Dès lors, la combinaison des deux régimes probatoires dégagés par la chambre sociale confère au salarié une double protection. Au titre du paiement des heures supplémentaires, le salarié doit présenter des éléments suffisamment précis quant aux heures non rémunérées qu’il prétend avoir accomplies, l’employeur devant ensuite fournir les éléments de nature à justifier les horaires effectivement réalisés, conformément à l’article L. 3171-4 du code du travail. Au titre du respect des durées maximales, le fardeau probatoire incombe exclusivement à l’employeur, sans que le salarié n’ait à démontrer un dépassement circonstancié ni l’existence d’un préjudice distinct de la violation elle-même.
La cassation prononcée sur le fondement de l’inversion de la charge de la preuve emporte, par ailleurs, des conséquences procédurales notables. L’arrêt du 20 mai 2026 prononce, au visa de l’article 624 du code de procédure civile, la cassation par voie de conséquence des chefs de dispositif rejetant les demandes du salarié au titre des dommages et intérêts pour licenciement abusif et de l’indemnité de licenciement, dès lors que ces chefs de dispositif se rattachaient, par un lien de dépendance nécessaire, à l’appréciation du nombre d’heures supplémentaires effectivement travaillées. La remise en cause de l’évaluation des heures supplémentaires par la Cour de cassation entraîne ainsi, par ricochet, la réouverture du contentieux de la rupture.

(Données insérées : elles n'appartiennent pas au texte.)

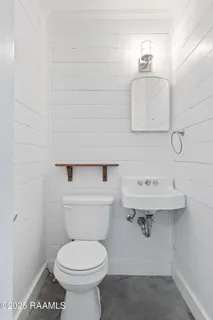 $435,000 | 101 Sidney Street, Lafayette, LA 70506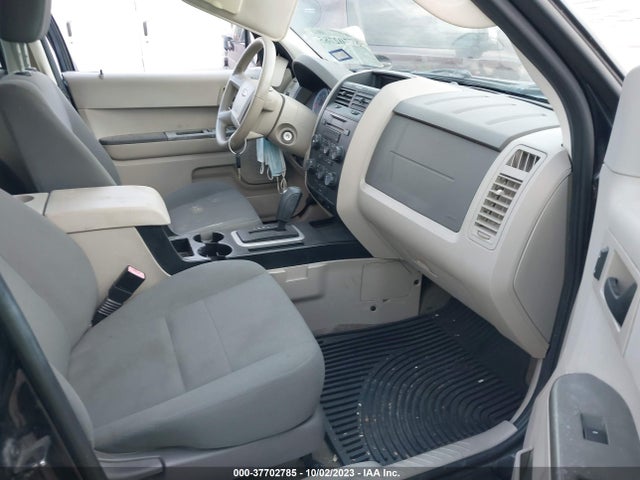 2010 FORD ESCAPE XLS VIN: 1FMCU0C75AKB08447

Enfin, la portée dissuasive de cette jurisprudence ne saurait être sous-estimée. L’employeur qui interdit les heures supplémentaires tout en maintenant une charge de travail incompatible avec le respect de l’horaire contractuel s’expose à un double risque contentieux : le paiement des heures accomplies, assorti des majorations légales ou conventionnelles, ainsi que l’indemnisation du préjudice résultant du dépassement des durées maximales de travail. La chambre sociale a clairement signifié, par ces arrêts convergents de mai et juin 2026, que l’employeur ne peut se retrancher derrière une interdiction formelle pour éluder ses obligations en matière de durée du travail.
Conclusion
L’arrêt rendu par la chambre sociale de la Cour de cassation le 20 mai 2026 opère une clarification décisive du régime probatoire applicable aux heures supplémentaires et au respect des durées maximales de travail. D’une part, l’interdiction patronale d’accomplir des heures supplémentaires ne suffit pas à écarter le droit à rémunération du salarié, si la réalisation de ces heures était rendue nécessaire par les tâches confiées. Les juges du fond ont l’obligation de rechercher concrètement si la charge de travail assignée justifiait objectivement le dépassement de l’horaire contractuel. D’autre part, la preuve du respect des seuils et plafonds prévus par le droit de l’Union européenne et les durées maximales fixées par le code du travail incombe exclusivement à l’employeur, lequel ne peut se contenter de dénier les allégations du salarié. Ces deux principes, conjugués, renforcent substantiellement la protection du salarié face aux stratégies patronales visant à éluder le paiement des heures de travail effectivement accomplies.